Wednesday, July 23, 2008

Roice-Hurst Humane Society

Roice-Hurst Humane Society, which maintains it is Mesa County’s only no-kill animal shelter, has transferred vicious pets to Mesa County Animal Services to be killed, according to Mesa County records.

Fourteen pets, including 11 dogs and three cats from Roice-Hurst, have been euthanized by Mesa County animal officers from Jan. 1, 2007 to July 21.

Mesa County Animal Services Director Penny McCarty said the animals are killed because they pose a public-safety threat.

And, only animal sanctuaries such as Best Friends in Utah, which operates on a multimillion-dollar budget, truly never kill animals, she said.

“Keep in mind that there are people out there who don’t deal with animals that aren’t perfect animals. They think that no-kill is realistic,” McCarty said.

Using the “no-kill” slogan may pull away potential donations from other nonprofit agencies that rescue animals and are vying for public donations. After making public pleas for donations last week, Roice-Hurst has collected more than $200,000 from an energetic outpouring of public support.

Office manager Kathy Haack at Roice-Hurst said few pets, “about three in the past year,” were euthanized at the shelter because they were in obvious, terminal pain.

Roice-Hurst board members Georgia Holt and Claudia Jackson both said Tuesday they were unaware that animals from Roice-Hurst were sent to Mesa County’s facility to be killed.
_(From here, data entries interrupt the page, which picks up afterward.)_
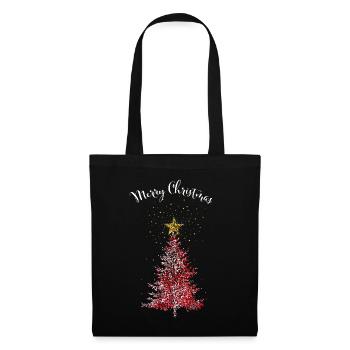 Merry Christmas Christmas Tree Christmas Tree - Tote Bag - black - Front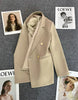Spring Autumn Long Sleeve Female Blazer Double Button Jacket Ladies Business Work Wear Formal Coat Women Outerwea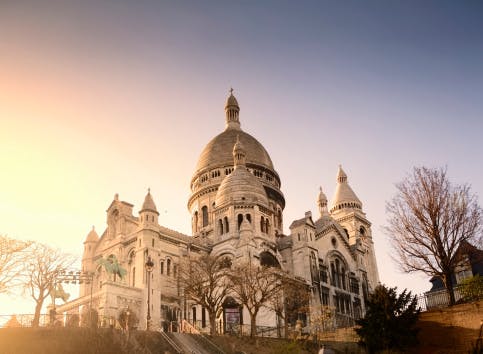 paris sacre coeur montmartre france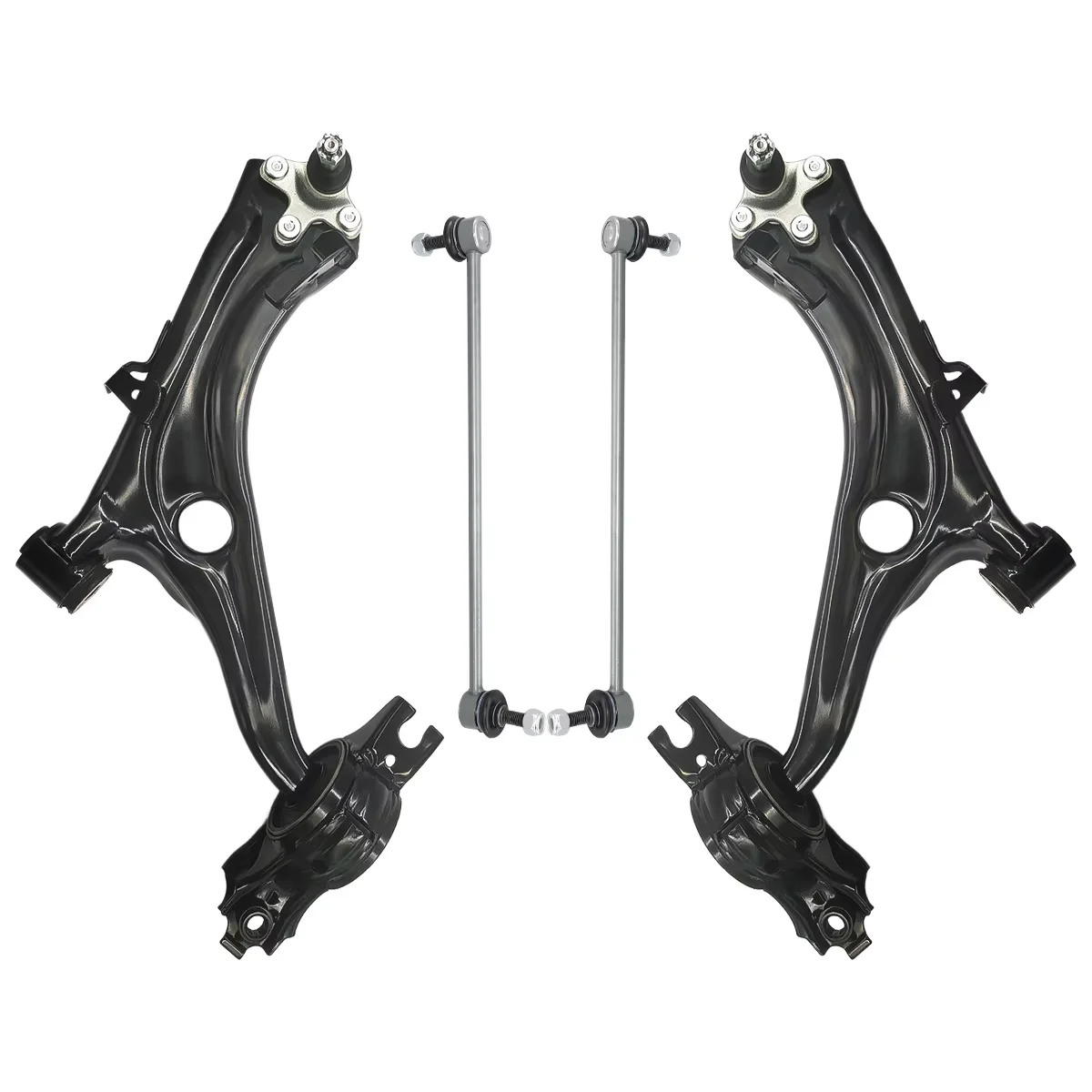 

AzbuStag Front Lower Control Arm Ball Joint Sway Bar Link 4Pcs Suspension Kits for Honda Civic 2016 2017 2018 2019-2021 K750865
I think the media is once again rearing it's ugly head. Royce-Hurst is for the most part a no kill shelter. There are animals out there that pose a threat to the public. It is always the way they are raised and bred and treated by people. Sadly, the animals lose. There is no perfect solution as humans are themselves a threat to society. In addition, putting down a terminally ill animal is the humane thing to do. Why it can't be regulated for terminally ill people is beyond me. It would be a shame if Royce-Hurst lost potential funding because of the tough choices they've had to make in evaluating animals for adopt ability. Many people are poor animal owners who take no responsibility for themselves or the pets they should consider a privilege to have.